The former president, who stated this yesterday at his press conference in Lusaka as head of the African Union Election Observation Mission to Zambia, also appealed to political party leaders to endeavour to place the country’s interest over political ambitions.
A statement yesterday from the media adviser to Dr. Jonathan, Ikechukwu Eze, said advising those that might lose the elections to be magnanimous and accept the results as the will of the people of Zambia, Jonathan further said: “Politicians going in for elective positions should be open-minded about the outcome because they can either win or lose. Politicians who want to play meaningful roles in governance should realise that it is not about them. Those who care only about themselves should quit politics and begin to manage personal businesses.
“Our states are not private enterprises. You cannot be interested in governance without sufficient interest in the affairs of the people. So the interest of the country should come first as politicians tick their priority boxes.
“This also requires politicians to accept the outcome of genuine elections because of the interest of the people. You cannot instigate violence and mayhem on the one hand and pretend that you are fighting for the people on the other. It does not make any sense to get involved in bloodshed, destroy properties, frustrate businesses and collapse the economy in order to win elections. Our advice is to put public interest above other expectations by accepting the results of elections.”
The former president also noted that Zambia has had relatively smooth power transitions since gaining independence from Britain in 1964, adding that the pre-election environment was conducive for a free and fair election.
“I believe that Zambia has served as the leading light and shown good examples over the issue of elections.
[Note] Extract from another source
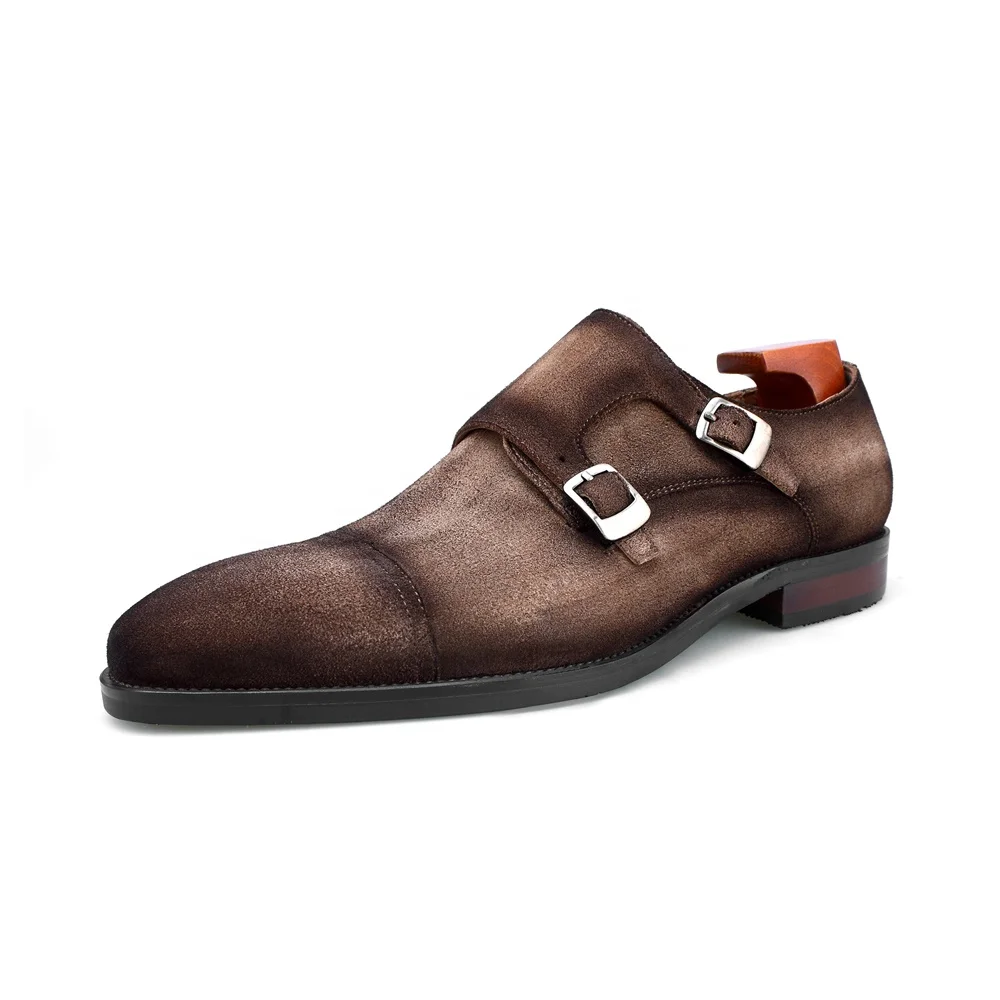 Fashion Style  Black Oxfords Handmade Dress Shoes Suede Classic Monk Men Leather Shoes In China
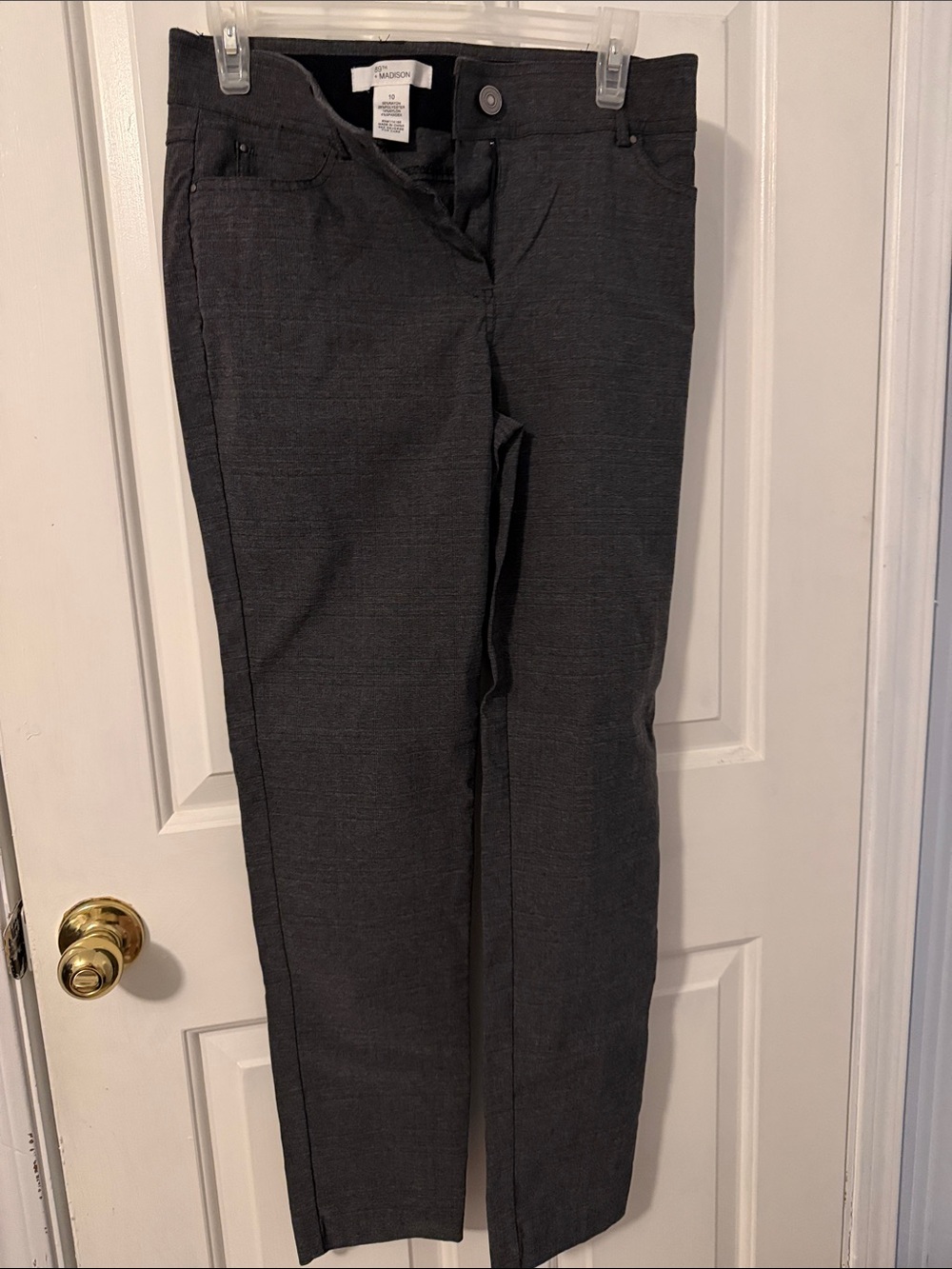 89th & Madison Women’s Tapered-Leg Dress Pants in Charcoal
I am convinced that the people of this country will maintain this exemplary peace during next Thursday’sgeneral elections.”
Organisations such as the European Union, African Union and regional bodies have also deployed their contingents to monitor the election.
Although there are many parties that registered candidates for the polls, Zambia’s 2016 election is widely seen as a two horse-race.
Governing party, Patriotic Front candidate, Edgar Lungu who won last year’s election was campaigning on a promise of stability and continuity.
His main challenger of the United Party for National Development, Hakainde Hichilema promises to fix a “broken” economy.
Electoral violence heightened during campaigns in which about 6.6 million Zambians are expected to cast their votes.